• [Work to complete] Without the pictures, set down exactly the lines from the one that contains "Peugeot 108 ACTIVE 1.0 E-VTI 72PK 5D, 2021" to the end of the entries, both included, and nothing besides.

+++ Exercise data

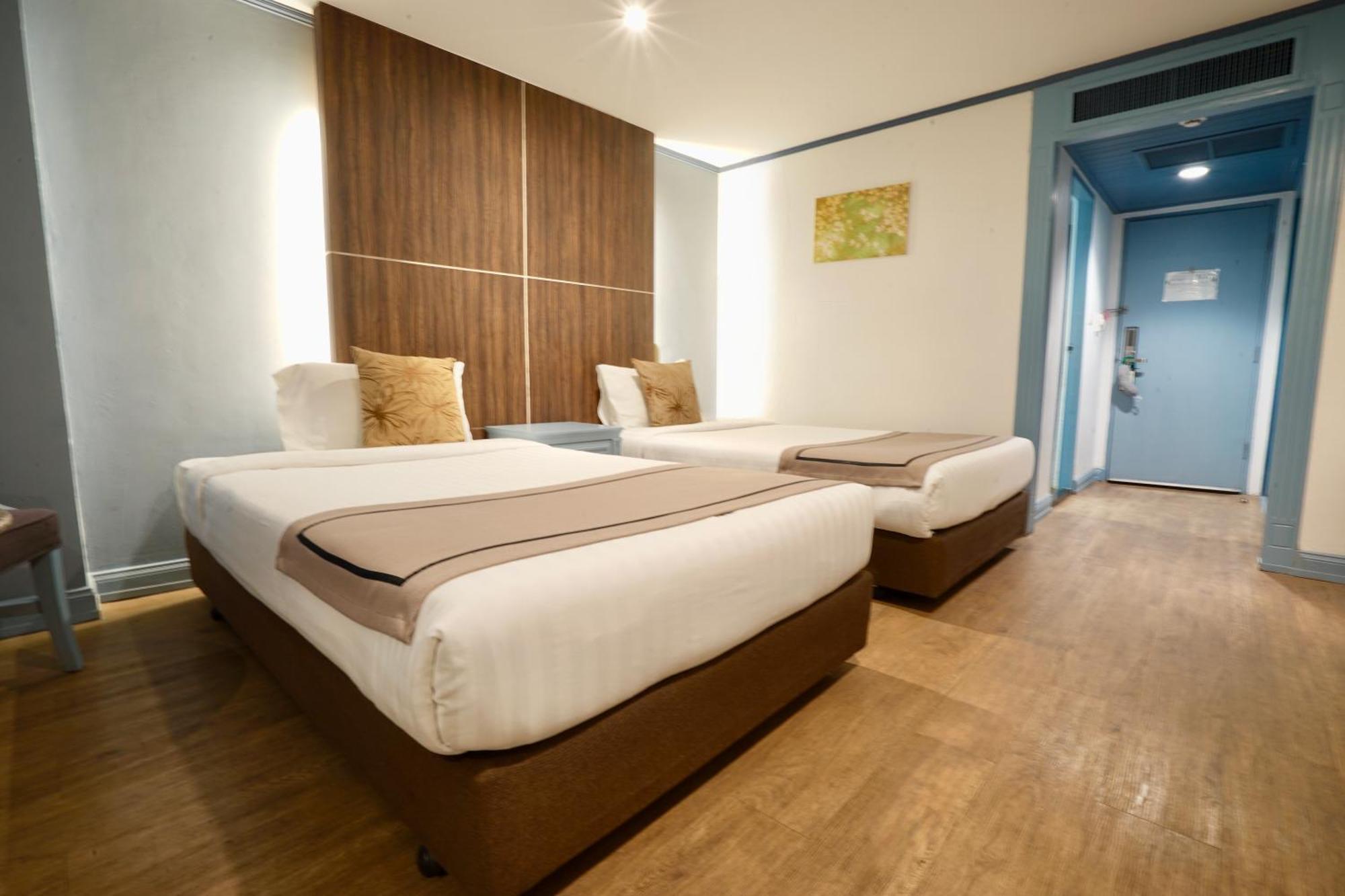 King Park Avenue 5* Banguecoque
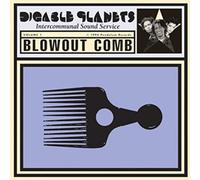 Digable Planets - Blowout Comb (Purple Transparent Coloured) (2 LP)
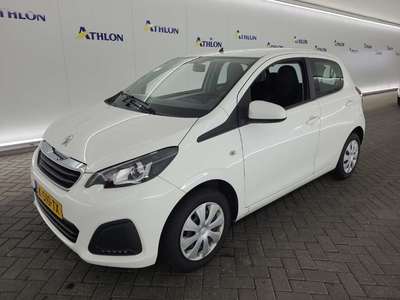 Peugeot 108 ACTIVE 1.0 E-VTI 72PK 5D, 2021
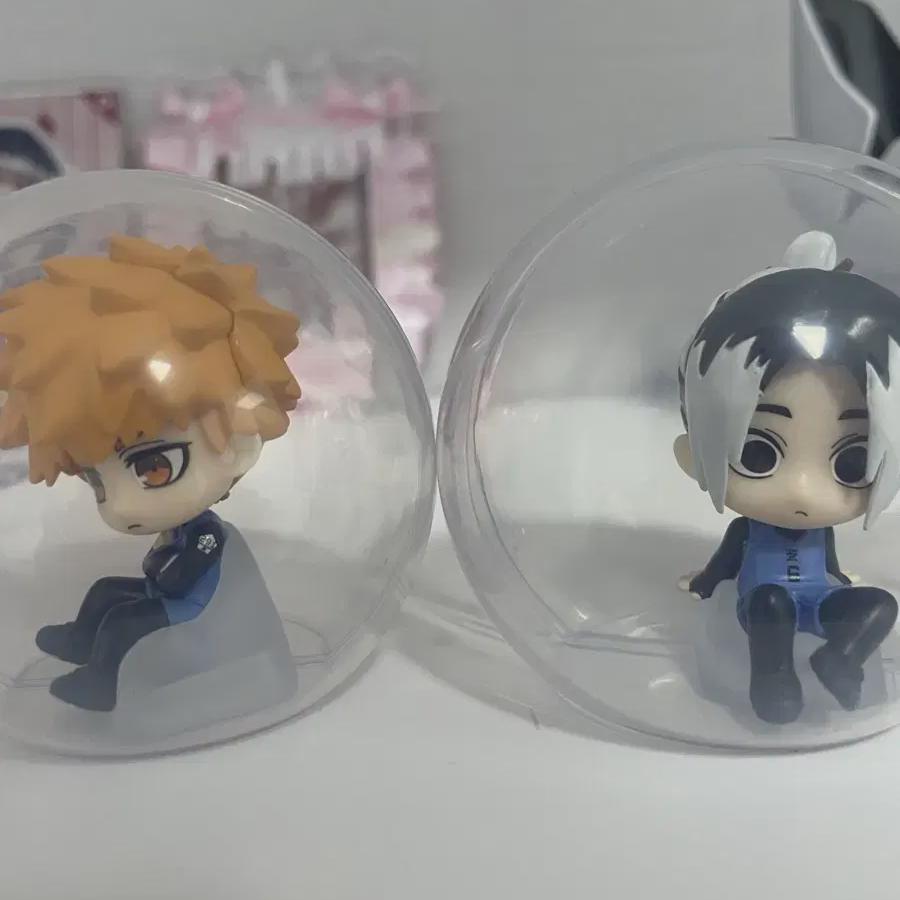 

Blue Rock Gacha Bulk Sell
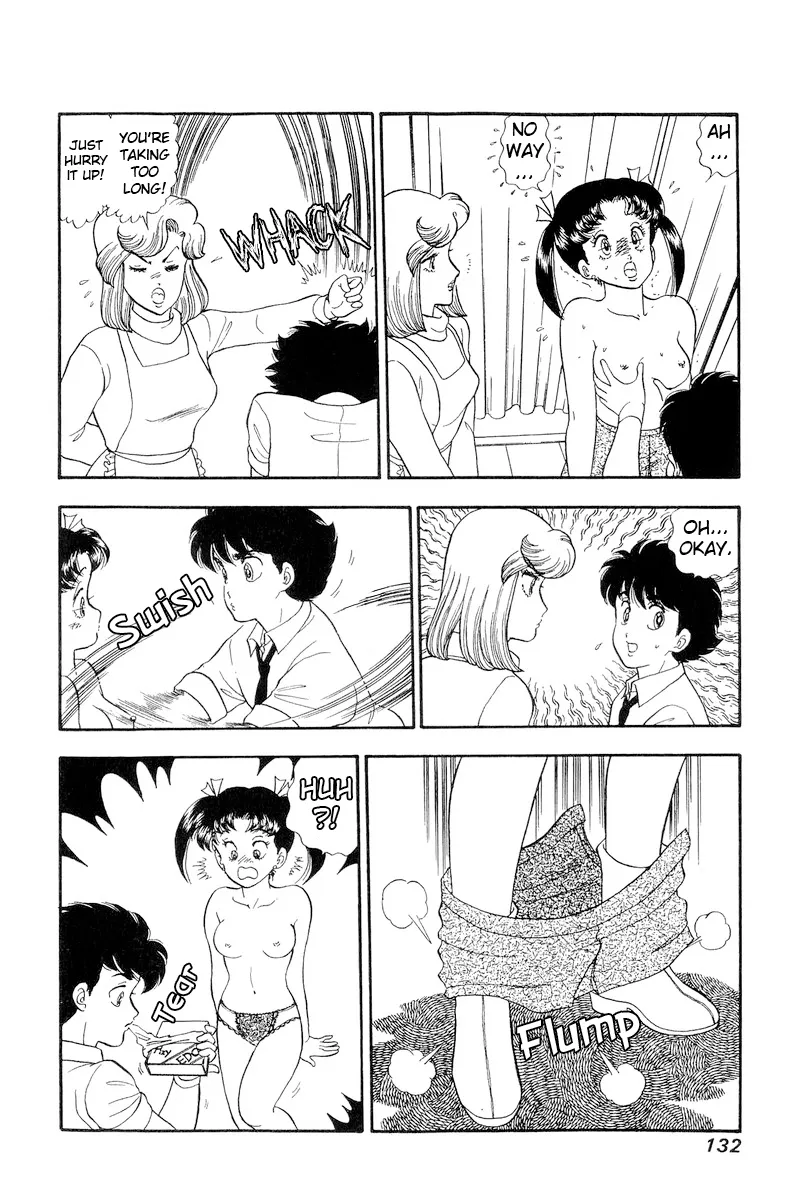Read Amai Seikatsu chapter 179 image 8 on Lezhin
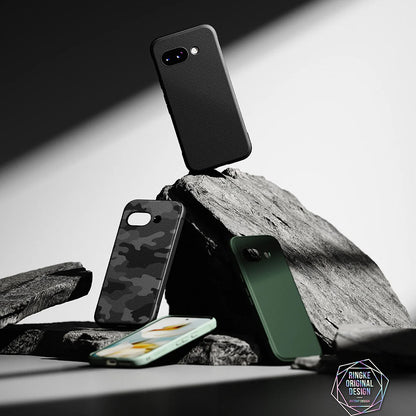 Pouzdro pro Google Pixel 9a, Ringke, Onyx, Světle zelené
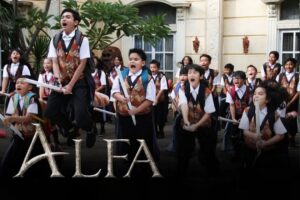 Así es 'Alfa', la descarada copia indonesia de 'Harry Potter' que es tan cutre que ha triunfado en TikTok y en todo el mundo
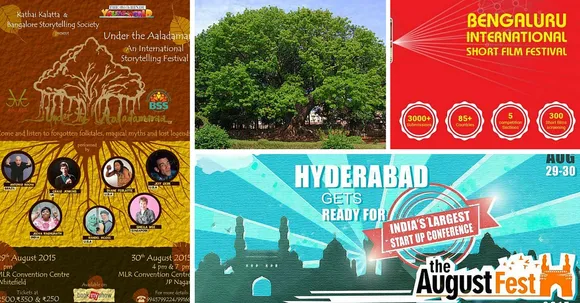Events to attend this week (28/08/15 - 03/09/15)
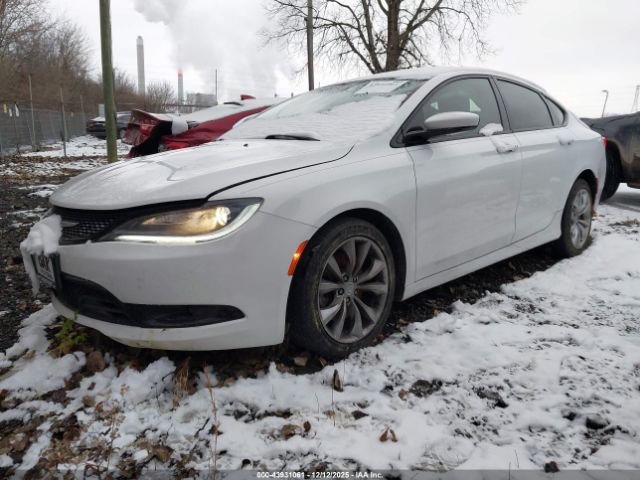 2016 CHRYSLER 200 1C3CCCBG8GN157468 Photo 1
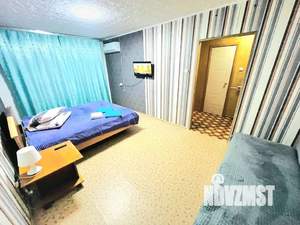 1-к квартира, посуточно, 33м2, 3/9 этаж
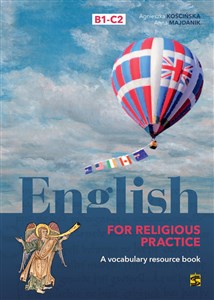 Picture of English for religious practice
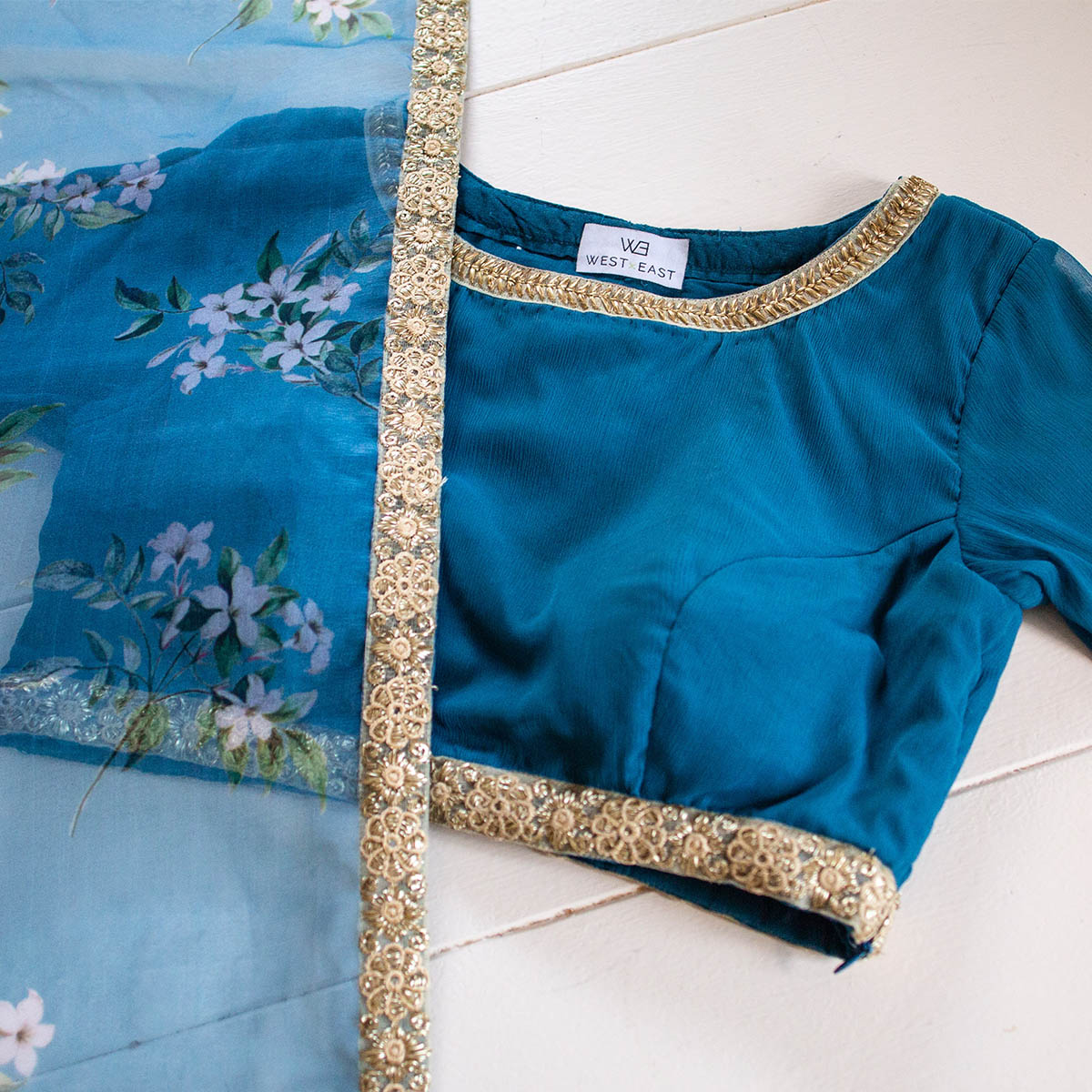 Custom South Asian Garments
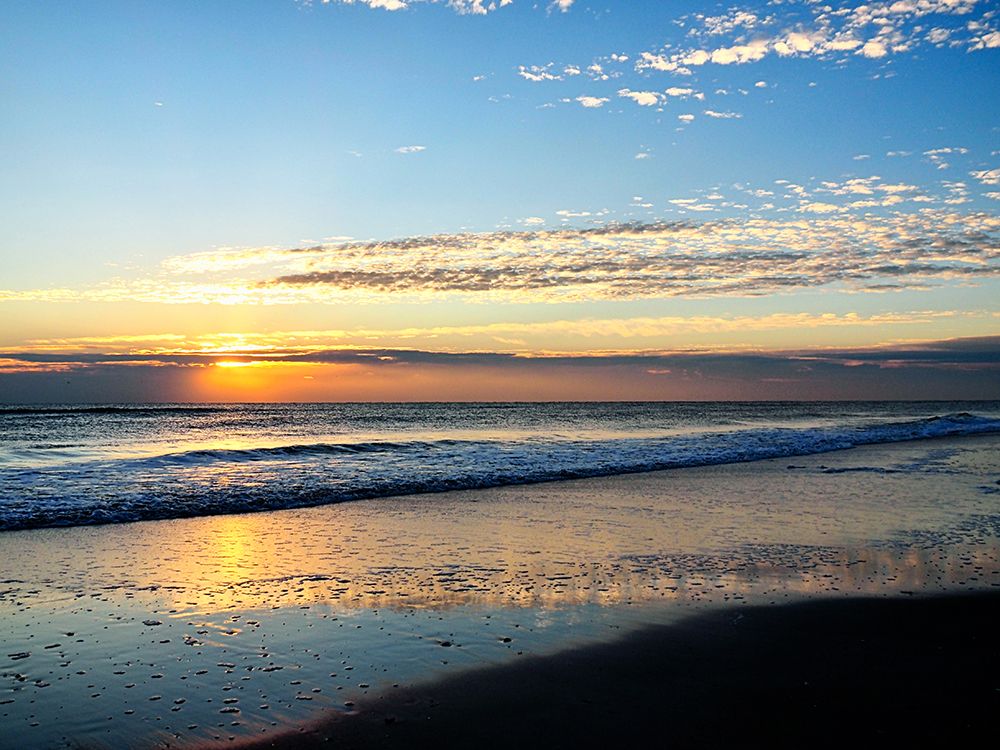 At Sunset art print by Gail Peck for $57.95 CAD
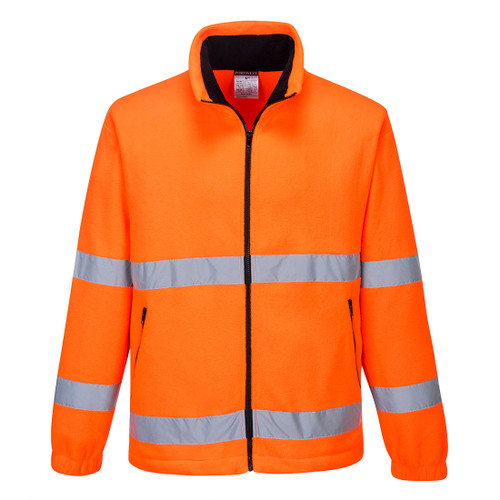 F250 Hi-Vis Essential Polar Fleece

++++++

• [Answer area]
 Peugeot 108 ACTIVE 1.0 E-VTI 72PK 5D, 2021

Blue Rock Gacha Bulk Sell
Read Amai Seikatsu chapter 179 image 8 on Lezhin
 Pouzdro pro Google Pixel 9a, Ringke, Onyx, Světle zelené
 Así es 'Alfa', la descarada copia indonesia de 'Harry Potter' que es tan cutre que ha triunfado en TikTok y en todo el mundo
Events to attend this week (28/08/15 - 03/09/15)
 2016 CHRYSLER 200 1C3CCCBG8GN157468 Photo 1
 1-к квартира, посуточно, 33м2, 3/9 этаж
 Picture of English for religious practice
 Custom South Asian Garments
 At Sunset art print by Gail Peck for $57.95 CAD
 F250 Hi-Vis Essential Polar Fleece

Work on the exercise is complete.